Ciao to the house we grew a family in!
Because life hasn't been stressful enough the past year, we've also decided we have to sell our house. We've slowly been painting everything Realtor Grey (not a real color, but should be) -- it's actually "Repose Gray" by Sherwin Williams SW7015 -- so the house is fresh and neutral for happy, new owners.

I don't have interest in staging the house or dealing with the random-hour phone calls with the nonsense that goes along with selling a house, so it's what we call "quietly on the market." It's not for sale for owner (I'm not that crazy), but I'm not ready to stick a sign in the yard. (Ann James with Kentucky Select Properties has the exclusive listing whenever/if-ever I decide to formally list it.)

My hope is to find a buyer without ever putting it on the MLS, then to turn it over to our realtor for paperwork. It's the best zip code and school district in the city, and I was beyond fortunate to live there for fifteen years. I wrote albums there, had many a fabulous party on the enormous deck, had amazing roommates in my 20s, had a baby in the dining room in my 30s and am ready to say goodbye in my 40s. No one died there (that I know of), and I have never met any ghosts. The neighbors and neighborhood are lovely, and I'm only moving half a mile away.
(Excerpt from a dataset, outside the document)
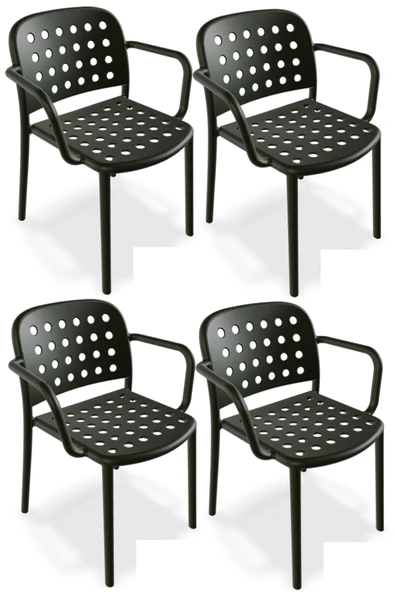 Papatya Bomonti Koltuk Servi Yeşil 4lü Paket - Plastik Bahçe Balkon Mutfak Sandalyesi ürün görseli 1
This little blog is an impetus for finishing up the paint job and moving my furniture over to my new house, where I've just been urban camping for months. I suppose I should sign off and go pack up the kitchen.

If anyone out there enjoys, um, packing up boxes or selling things online for other people, drop me a line :)


Wednesday, August 21, 2019

My next journey ...

This feels like a proper blog entry, and I haven't even written it. Those popular blogs-that-they-turn-into-movies are journeys, right? I'm on a journey today. Technically, I returned home from a month abroad yesterday, but it's today that the journey begins.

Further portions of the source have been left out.